* Prompt: Would you retype the line that contains "Building Photo - 25452 Northpark Lake Dr" and all lines following it to the end of the entries below, exactly and without pictures?

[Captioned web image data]
----------

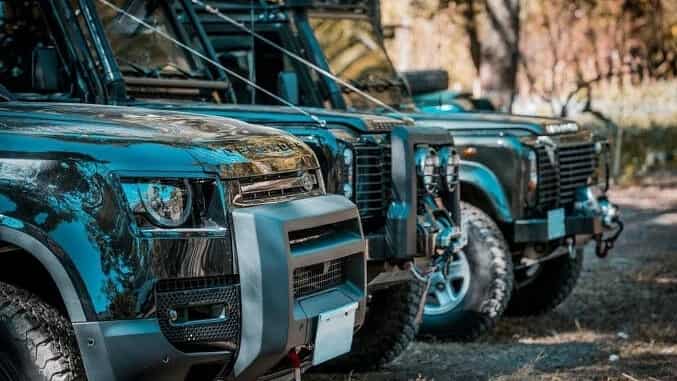 Defender 4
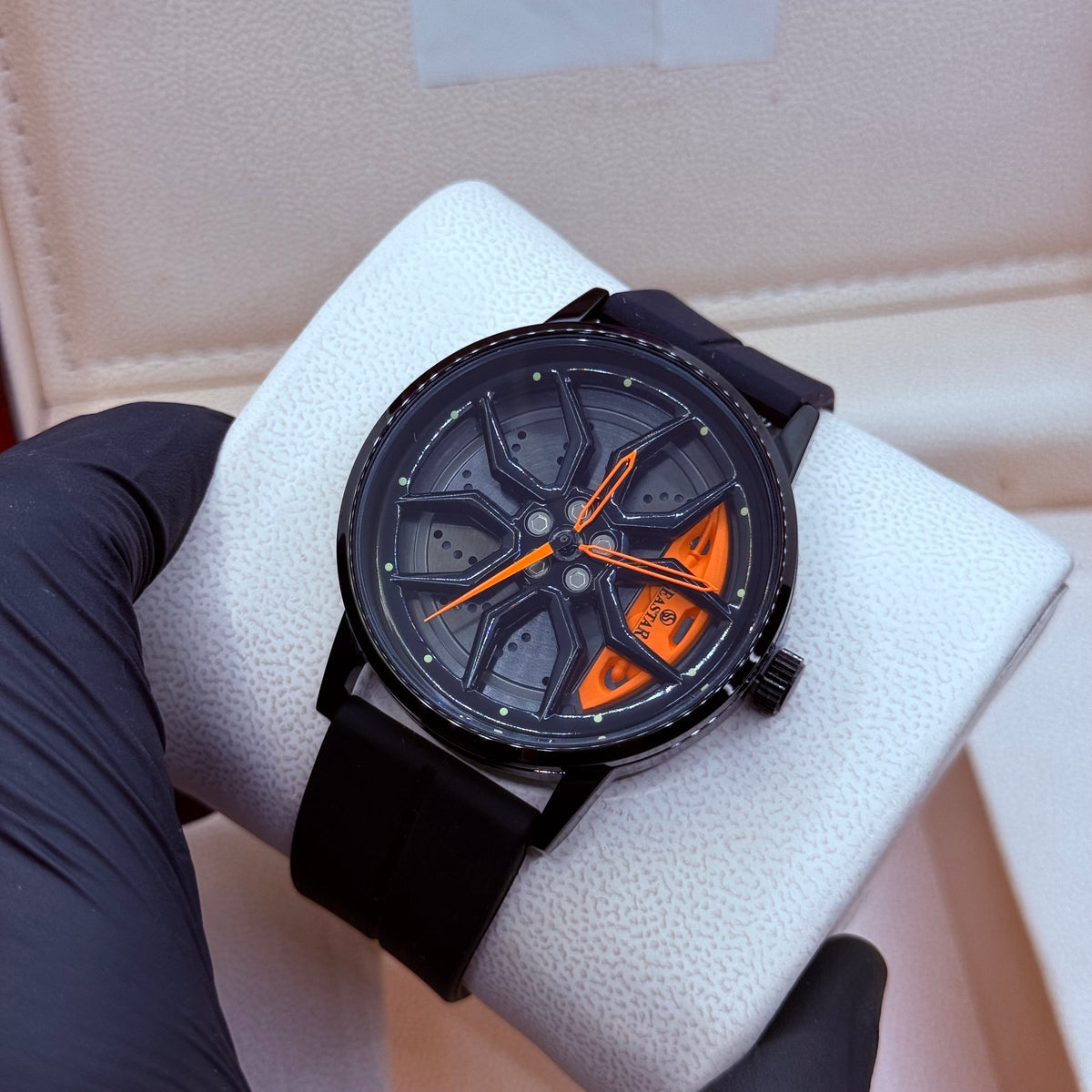 Rotating Wheel Watch With Silicone Strap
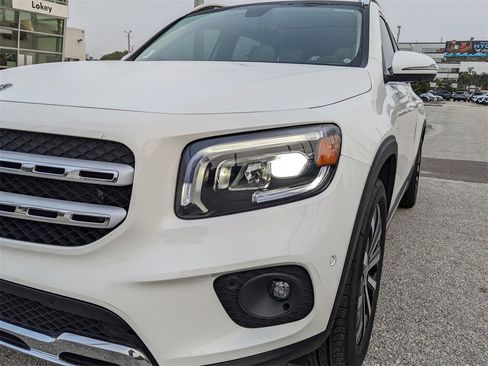 Used 2022 Mercedes-Benz GLB 250 image 12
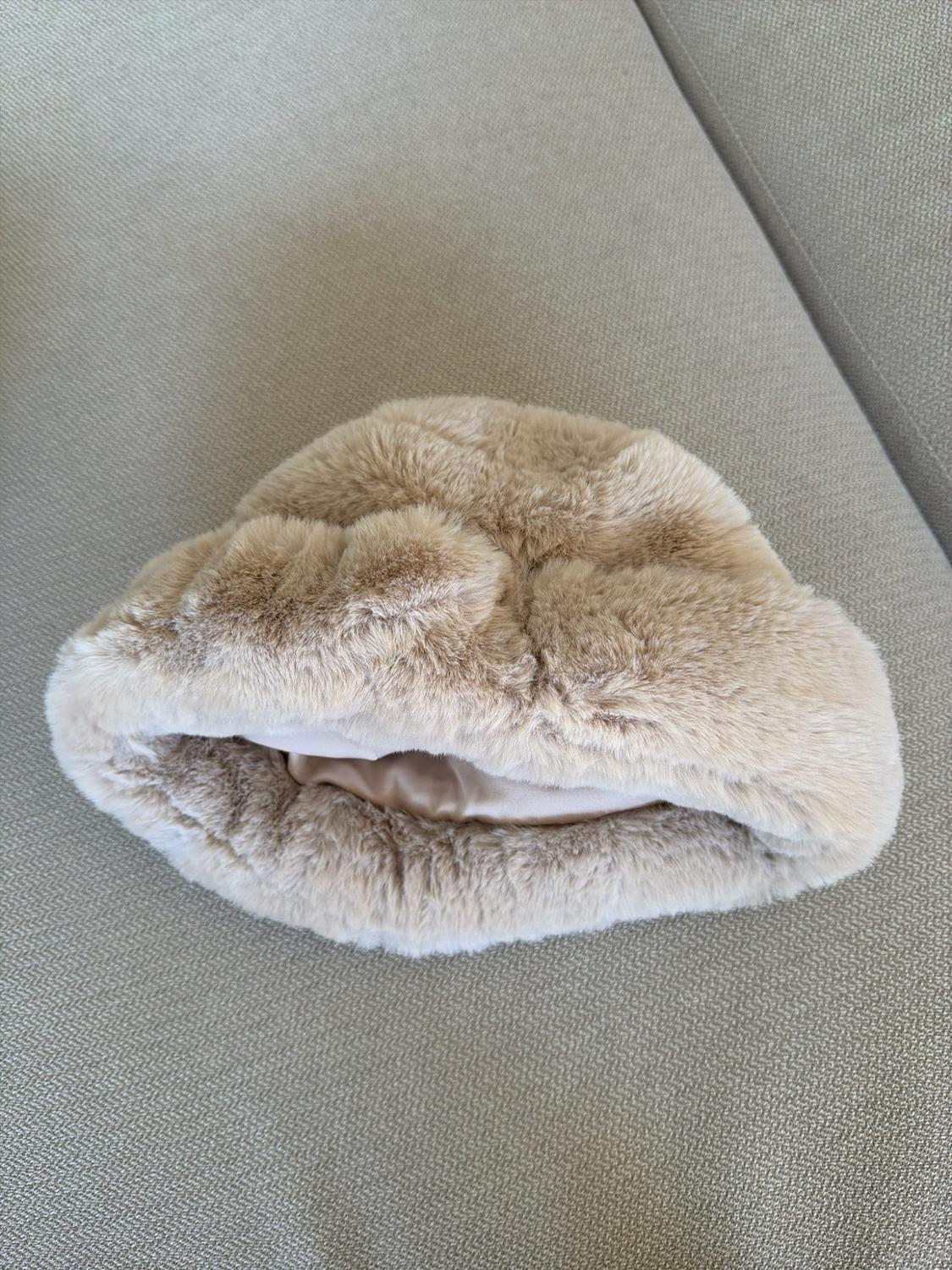 FAUX FUR HAT - Image 3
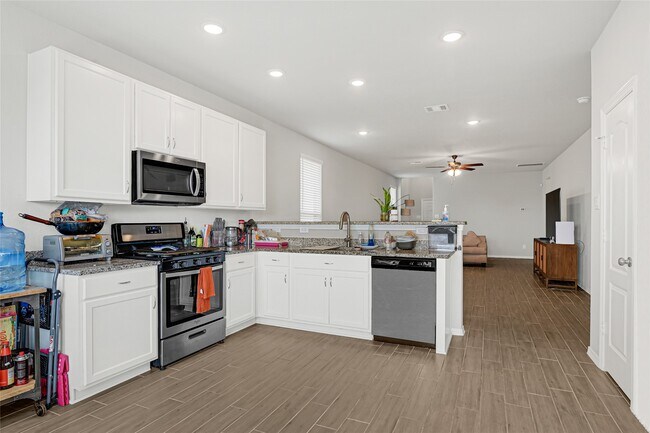 Building Photo - 25452 Northpark Lake Dr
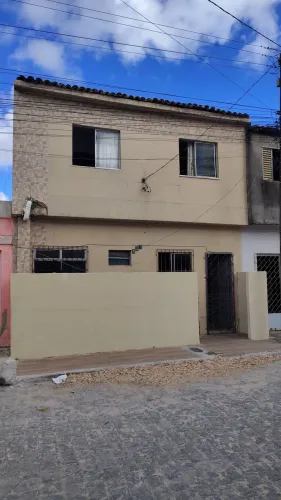 Vendo República Universitária com quartos já alugados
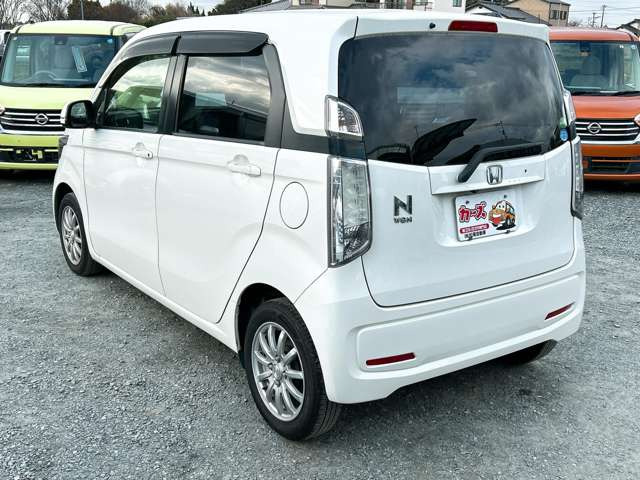 ���X�ł͌y�����Ԃ��畁�ʎԂ܂ŕ��L���I�[�����[�J�[�̎Ԏ�E�F�E�O���[�h��L�x�ɑ����Ă���܂��B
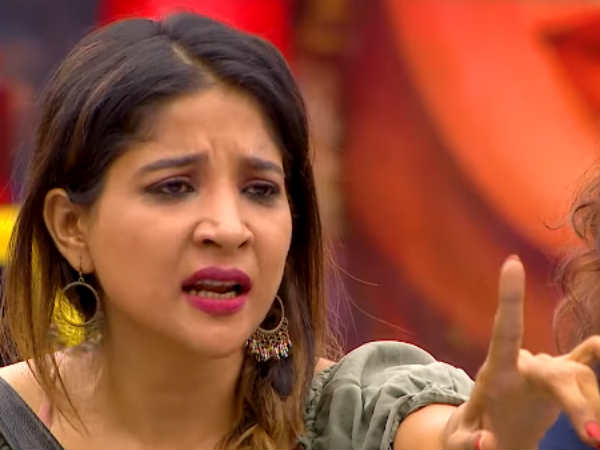 கஷ்டம் சாக்ஷி 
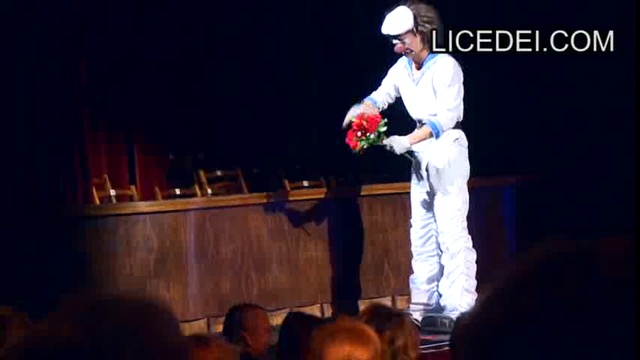 Бесаме ( Besame Mucho)-Театр Лицедеи)))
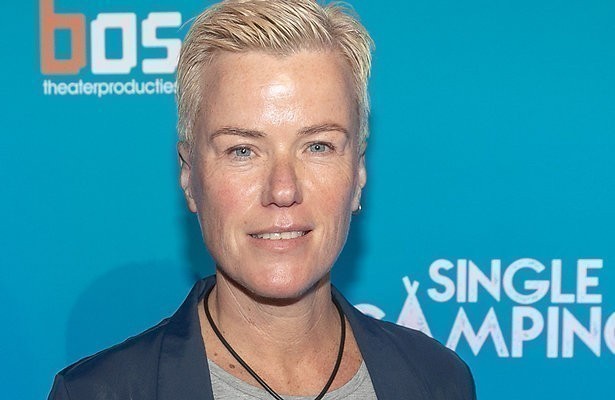 Ellie Lust voert pittig gesprek met Johan Derksen 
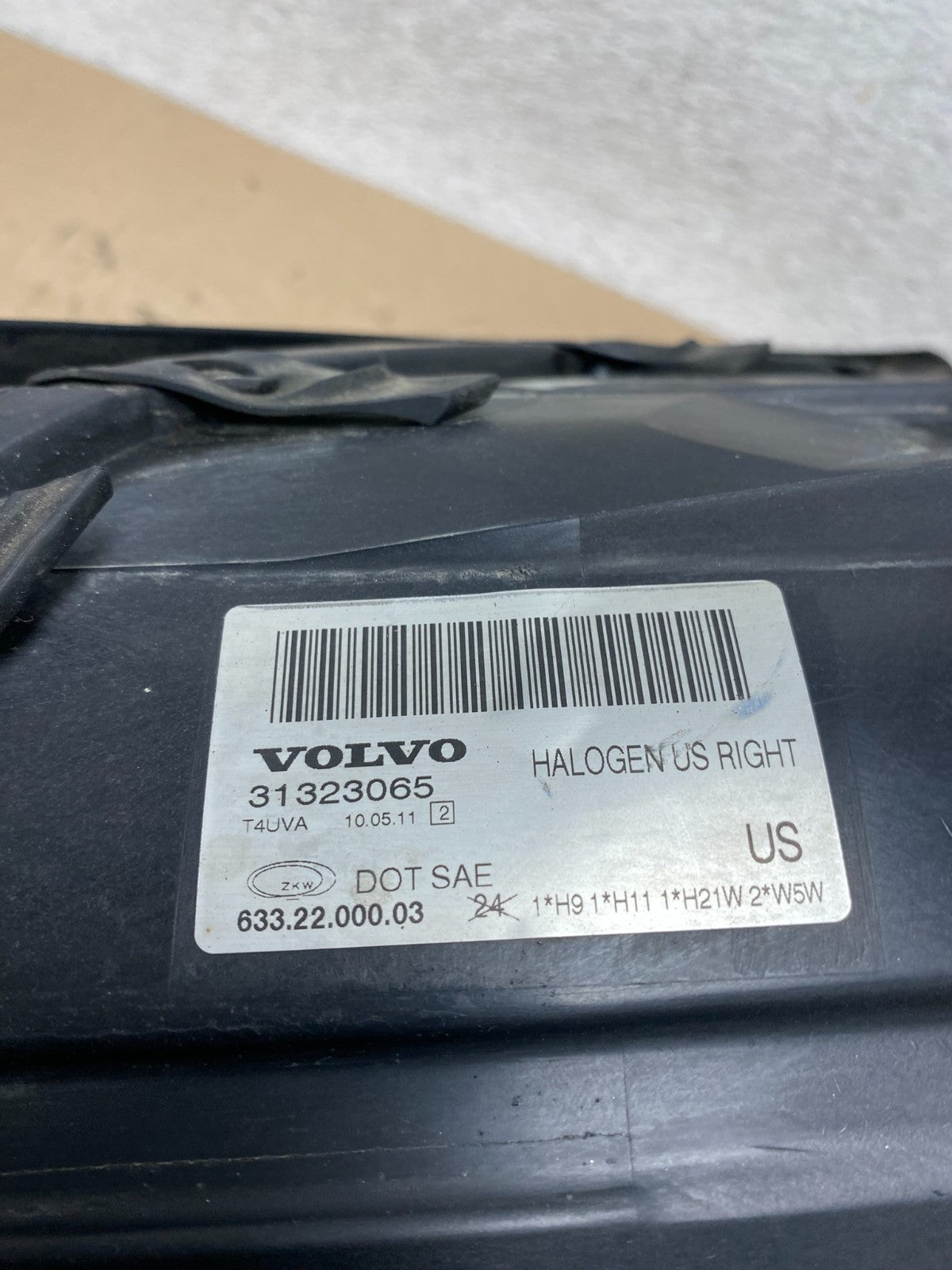 2008 to 2013 Volvo XC70 V70 S80 Right Passenger Side Halogen Headlight AG6785 DW9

----------

* Answer for this exercise:
 Building Photo - 25452 Northpark Lake Dr
 Vendo República Universitária com quartos já alugados
 ���X�ł͌y�����Ԃ��畁�ʎԂ܂ŕ��L���I�[�����[�J�[�̎Ԏ�E�F�E�O���[�h��L�x�ɑ����Ă���܂��B
 கஷ்டம் சாக்ஷி 
 Бесаме ( Besame Mucho)-Театр Лицедеи)))
 Ellie Lust voert pittig gesprek met Johan Derksen 
 2008 to 2013 Volvo XC70 V70 S80 Right Passenger Side Halogen Headlight AG6785 DW9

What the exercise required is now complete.